Source:POJ-3281
Description
Cows are such finicky eaters. Each cow has a preference for certain foods and drinks, and she will consume no others.Farmer John has cooked fabulous meals for his cows, but he forgot to check his menu against their preferences. Although he might not be able to stuff everybody, he wants to give a complete meal of both food and drink to as many cows as possible.Farmer John has cooked F (1 ≤ F ≤ 100) types of foods and prepared D (1 ≤ D ≤ 100) types of drinks. Each of his N (1 ≤ N ≤ 100) cows has decided whether she is willing to eat a particular food or drink a particular drink.

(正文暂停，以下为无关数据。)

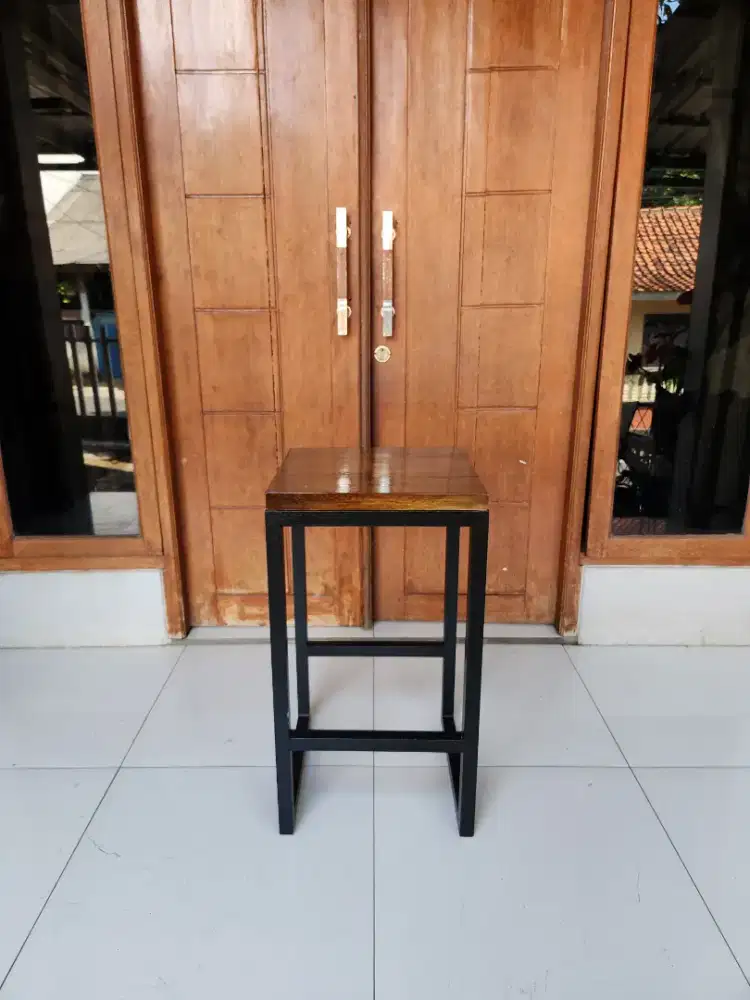 Kursi Bar ex Cafe - Kursi Bar ex Resto KB4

Farmer John must assign a food type and a drink type to each cow to maximize the number of cows who get both.Each dish or drink can only be consumed by one cow (i.e., once food type 2 is assigned to a cow, no other cow can be assigned food type 2).
Input
Line 1: Three space-separated integers: N, F, and D
Lines 2..N+1: Each line i starts with a two integers Fi and Di, the number of dishes that cow i likes and the number of drinks that cow i likes. The next Fi integers denote the dishes that cow i will eat, and the Di integers following that denote the drinks that cow i will drink.
Output
Line 1: A single integer that is the maximum number of cows that can be fed both food and drink that conform to their wishes
Sample Input
4 3 3
2 2 1 2 3 1
2 2 2 3 1 2
2 2 1 3 1 2
2 1 1 3 3
Sample Output
3
Hint
One way to satisfy three cows is:
Cow 1: no meal
Cow 2: Food #2, Drink #2
Cow 3: Food #1, Drink #1
Cow 4: Food #3, Drink #3
源代碼:
#include<iostream>
#include<cstring>
#include<queue>
using namespace std;
queue <int> Q;
const int MAX = 600;
const int INF = 1<<30;
int C , F , D , Fi , Di , S , T;
int mark[MAX] , level[MAX];
int map[MAX][MAX];
//C是牛的數目,F是食物的數目,D是飲料的數目,S是源點,T是匯點
//圖爲源點->食物->左牛->右牛->飲料->匯點
//兩個牛集合保證了每頭牛隻能選擇一批(一個食物和一瓶飲料)物品
int Dinic( void );
int bfs( void );
int dfs( int u , int flow );
int min( int a , int b ){ return a <= b ? a : b; }
int main( ){
int i , j , k , ff , dd;
while( cin>>C>>F>>D ){
S = 0 ; //源點爲0
T = F + C + C + D + 1; //匯點爲總點數+1
memset( map , 0 , sizeof( map ) ); //地圖初始化
for( i=1 ; i<=F ; i++ )
map[S][i] = 1; //源點->食物
for( k=1 ; k<=C ; k++ ){
cin>>Fi>>Di;
for( j=1 ; j<=Fi ; j++ ){ //食物->左牛集合
cin>>ff;
map[ff][k+F] = 1;
}
map[k+F][k+F+C] = 1; //左牛集合->右牛集合
for( j=1 ; j<=Di ; j++ ){
cin>>dd;
map[k+F+C][dd+F+C+C] = 1; //右牛集合->飲料
}
}
for( i=1 ; i<=D ; i++ )
map[i+F+2*C][T] = 1; //飲料->匯點
cout<<Dinic( );
}
return 0;
}
int Dinic( void ){
int sum=0;
while( bfs( ) ){
sum += dfs( S , INF );
}
return sum;
}
int bfs( void ){
int u , v;
memset( mark , 0 , sizeof( mark ) );
memset( level , 0 , sizeof( level ) );
while( !Q.empty() )
Q.pop( );
Q.push( S );
mark[S] = 1;
while( !Q.empty() ){
u = Q.front( );
Q.pop( );
if( u==T )
return 1;
for( v=S ; v<=T ; v++ ){
if( !mark[v] && map[u][v] ){
Q.push( v );
mark[v] = 1;
level[v] = level[u] + 1; //層數加一
}
}
}
return 0;
}
int dfs( int u , int flow ){
int v , flowSum , sum=0;
if( u==T )
return flow;
for( v=S ; v<=T ; v++ ){
if( level[v]==level[u]+1 && map[u][v] ){
flowSum = dfs( v , min( flow , map[u][v] ) );
map[u][v] -= flowSum;
map[v][u] += flowSum;
flow -= flowSum; //流量值減少
sum += flowSum;
}
}
return sum;
}
代碼分析:我是參考了別人的思路寫出來的,個人覺得很精妙,牛化爲兩個子集,保證了只有一次選擇的機會.很巧的.